It was nice to have a place to swim and really nice to rejoin my favorite yoga classes for a few months, but mostly I reconfirmed to myself that it’s really not worth the money. So I’m a nonmember once again, but I’ve hit on a great way to have the best of both worlds: Since my mom is a member, she can bring me in as a guest for $5. I’ve been arranging to have her bring me in at 9 a.m. on Friday to go to my favorite yoga class—and then because the guest pass is good for 24 hours, I get up around 7:30 on Saturday morning to swim. So I get to go twice a week for $20 a month. That’s like 90 percent of what I would have done with a regular $60-a-month membership anyway, so the math works out favorably.

I don’t know why I even decided to mention all this on my meditation blog, except that it’s part of my “training” to sit and also I’m really tired right now from yoga this morning. :)

Tuesday, October 1, 2019

In training

Tuesday: 40 minutes sitting

Getting up to 40 minutes feels like a big accomplishment! It will be good to hit the magic* number of 45, though, so I can stop increasing the time for a while. My main challenges are physical—it is just hard to sit up straight on the floor for so long, plus my legs are still falling asleep. Of course I am adapting—I have basically the same issues I started with, but instead of appearing at, like, minute 9, they appear at minute 32.

I was thinking about how I could work on the physical aspects of meditation, so I used the trick of asking my pretend internal life coach. She wisely said, “You have to train for this $#!+,”** so there you go: an exciting new incentive to work on my core strength, hip flexibility, and overall health.***

* Magic meaning that’s what the book says my minimum should be (but I’m allowed to get there in my own time).
** Remembering fondly how my mom used to read me the comics when I was very little, and every time she encountered one of those symbols-as-swear-words constructions that show up so often, she would say, “blankety-blank.”
*** As if being blankety-blank 48 wasn’t reason enough.

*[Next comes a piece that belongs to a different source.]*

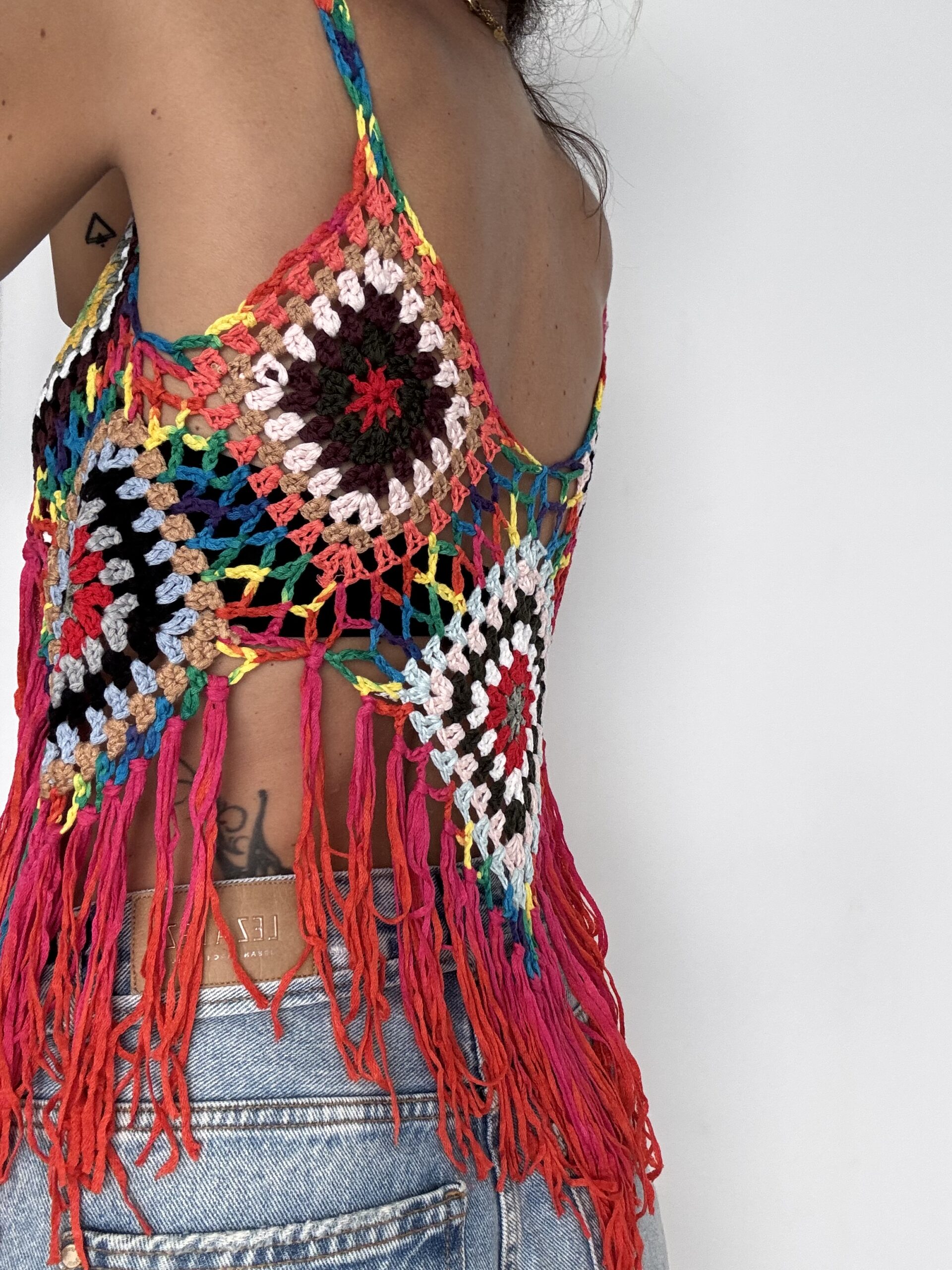 IMG_6427 Top de croché multicolor fabricado artesanalmente en Ibiza. Puedes ponerlo por delante o por detrás indistintamente. Con flecos en pico. Piezas únicas. No hay 2 iguales. Talla única. Alabama Shop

Monday, September 30, 2019

Staying away from the news

Saturday: 35 minutes sitting
Sunday: 37 minutes sitting
Monday: 37 minutes sitting

As I mentioned to M.H. yesterday, I can now occasionally maintain focus on my breath for upwards of 30 minutes at a time, which is a real accomplishment—try it for a few minutes if you don’t believe me—but I’m not entirely sure what that ability buys me in the real world.

Possible answer: enough awareness to know that spending time on Twitter or going deep into any sort of news right now is just going to royally piss me off, and that I don’t have time for that. Honestly, I didn’t need any further evidence that the moron was also a criminal. To me the only relevant question is whether his supporters (and. rally. goers.) whom I know personally have come to their senses in any meaningful way, and I can probably guess that answer so I won’t be asking.

Friday, September 27, 2019

Still at my desk

Friday: 35 minutes sitting

Today I was a whole different uhhhh…meditation practitioner. Is the term yogi? Everything that went wrong yesterday went great today, and I decided it’s like that phenomenon where you set a really early alarm to get up to go to the airport only to wake up every hour worrying that it’s time. I started a 35-minute meditation at exactly 8:25 when I needed to be at my desk at 9, and my brain just couldn’t take the pressure. That’s my theory.

I’ve been making a point of taking Friday nights and Saturdays off, but I can’t possibly do that this week. Every time I look at my inbox I find another piece of work I’ve been neglecting (or have already missed a deadline on). Will be sure to resume having weekends when the current emergency passes.

Thursday, September 26, 2019

It *is* harder

Tuesday: 35 minutes sitting
Wednesday: 35 minutes sitting
Thursday: 35 minutes sitting/lying down

My mind and body double-teamed me today to try to thwart my meditation. Nothing can make meditation “hard,” huh? Naive noob! Have you ever tried it with a sore back, stiff legs, AND a freaking-out-for-no-real-reason brain? Who’s calmly accepting whatever comes up now?

(I don’t know who’s supposed to be talking there.)

I didn’t have time for yoga today before meditating (people are actually expecting to be able to reach me by 9 a.m.), and I had a huge, impossible day of work ahead. Again. I sat down not realizing anything was that amiss. But then my mind and body both went berserk, and I couldn’t seem to stay either still or focused. I didn’t give up on meditating, but I did give up on sitting and finished the last 10 minutes flat on my back, which was only slightly more tolerable.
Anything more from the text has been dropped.